The Brown/Tomlin Problem

Genealogical research can be very irritating at times.  You go along merrily, accepting findings in seemingly well-researched secondary sources that appear to be highly regarded, and supporting it as much as possible with primary records.  Then, one day, BLAM - someone casts doubt on a single marriage, and an entire lineage is suspect.

That's what happened here.  We had believed, although it was not conclusively proven, that the Dekessa has four Mayflower ancestors.  The link to three of them goes through a single marriage:  John BROWN married Mary TOMLIN in 1750 or 51 in Little Compton, Rhode Island.  They had a son, also named John Brown, in 1752.  Sometime thereafter, the elder John died.  Mary married Stephen MACOMBER in 1758, and in about 1760 they moved to Newport, Nova Scotia.  From there forward, the line is well-known, although we are still trying to assemble the supporting primary records.

Now according to Wilbour's well-recognized book Little Compton Families, the John Brown who married Mary Tomlin was the son of John Brown and Sarah WHITE, who were themselves married in 1726 in Tiverton, Rhode Island.  From here back, the ancestry to Mayflower passengers Francis Cooke, Richard Warren and William White is well-documented, including in the "Five Generations" project from the Mayflower Society.  This lineage is shown on the Web site you are browsing right now.

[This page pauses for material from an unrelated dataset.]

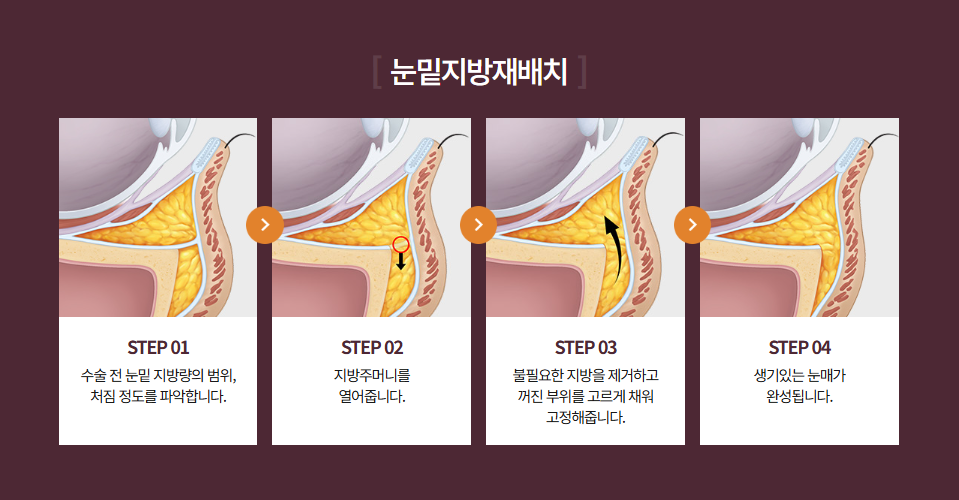 눈밑지방재배치 수술 후 다시 꺼져보인다면? 재발 원인부터 확인해야 합니다 관련 이미지 2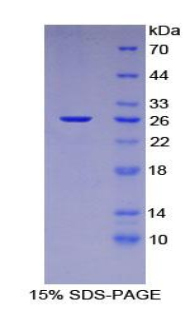 133kDa核孔蛋白(NUP133)重组蛋白,Recombinant 11-Beta-Hydroxysteroid Dehydrogenase Type 1 (HSD11b1)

But there are some problems.  For example, if you check the dates, it appears that John and Mary were married when they were about 17 years old.  This is possible, but it is unusual.  As you dig deeper into children mentioned in wills and other data, the problems deepen.  None of it is impossible, but it is somewhat troubling.

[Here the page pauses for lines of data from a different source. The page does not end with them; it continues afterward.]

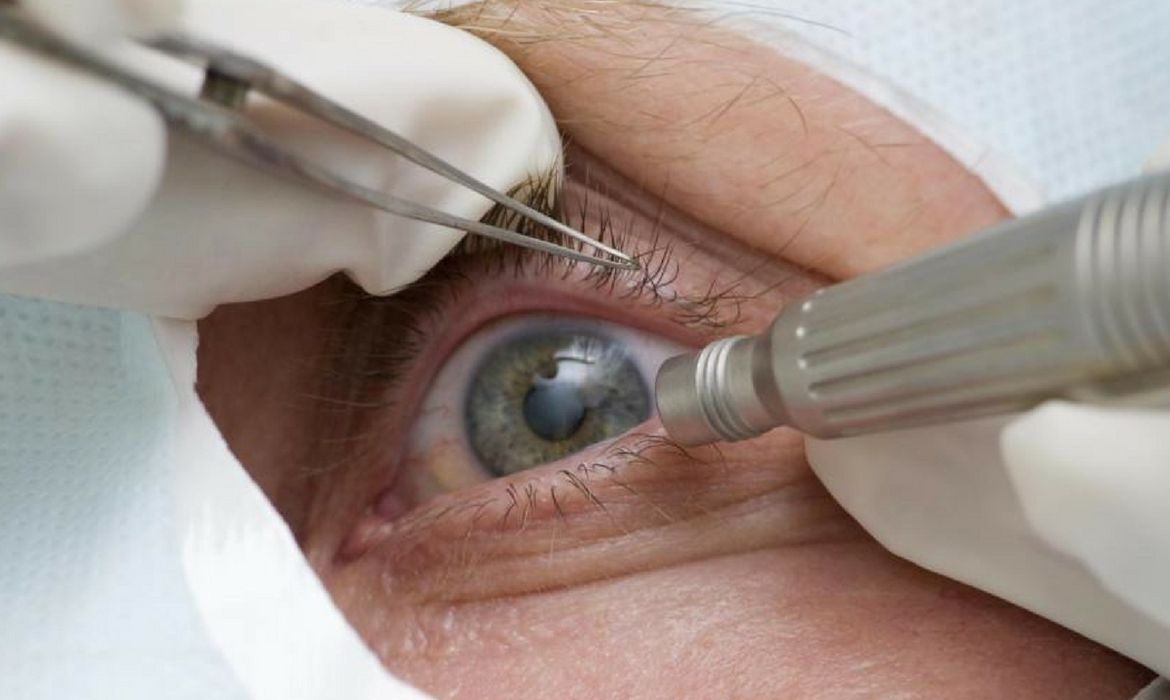 Saúde Entidades médicas cobram regras sanitárias em mutirões de cirurgias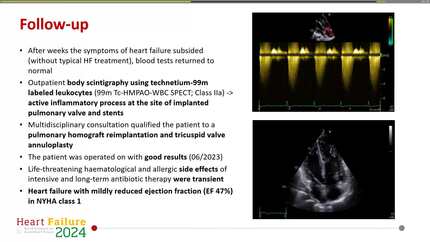 Presentation thumbnail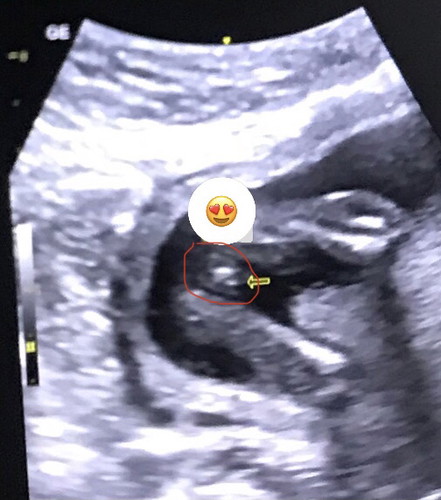 Not yet sure if boy or girl at 18 weeks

We had been networking for some time with several Brown researchers in Canada, and from them a new challenge recently surfaced.  A family tradition in a line unquestionably descended from the Brown/Tomlin marriage is that the Browns were Scottish.  This does not fit well with the Brown/White ancestry.  More importantly, an alternative ancestry has been suggested, with considerable supporting detail.  It goes like this:

John Brown arrived in Massachusetts from Scotland aboard the ANN in 1632.  His son John, born about 1631 in Scotland, married Sarah MAKEPEACE in Boston in 1635.  Their son John, born in 1664 in Marlborough, Massachusetts, married Elizabeth INGERSOLL in Gloucester, Massachusetts. Their son John, born in Gloucester, was a shipwright. His son, John, was a mariner, and First Mate of the Massachusetts.  He married Mary Tomlin on January 7, 1751 (new style) at Little Compton, R.I.  His will of October 4, 1752 named his wife as his sole heir, perhaps suggesting that his son was not yet born.
One source reported that he had seen the will mentioned here, which could be the key proof.  But it was long ago when he was an inexperienced genealogist, and he did not write down where he found it.  We have not yet located it  So the Brown/Tomlin marriage remains a mystery, and the one weak link in our Mayflower lines.

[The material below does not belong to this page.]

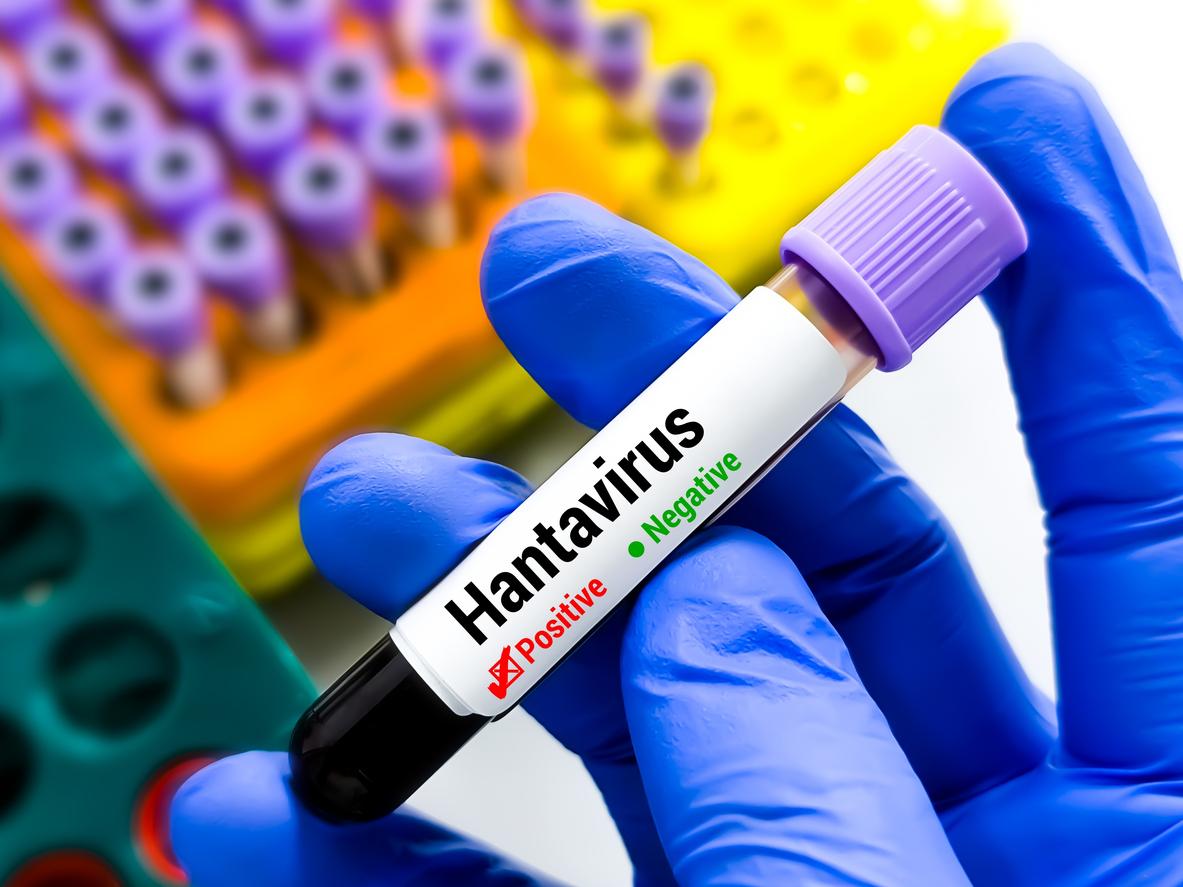 Hantavirus : un cas détecté après un séjour en France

It should be obvious that much of the difficulty we have is due to the fact that there are so many John Browns.  In addition, one volume of the Little Compton vital records has been missing for many years.  And as Murphy's Law requires, the one critical entry we do have in the Little Compton records differs from its neighbors.  Most of the marriage records give parents names, like this:

        James Smith, son of James and Thankful, married Joan Brewster, daughter of John and Sara.

But the marriage record we are inteersted in says only:

    John Brown married Mary Tomlin.

Does this support the notion that John Brown was a mariner from another state?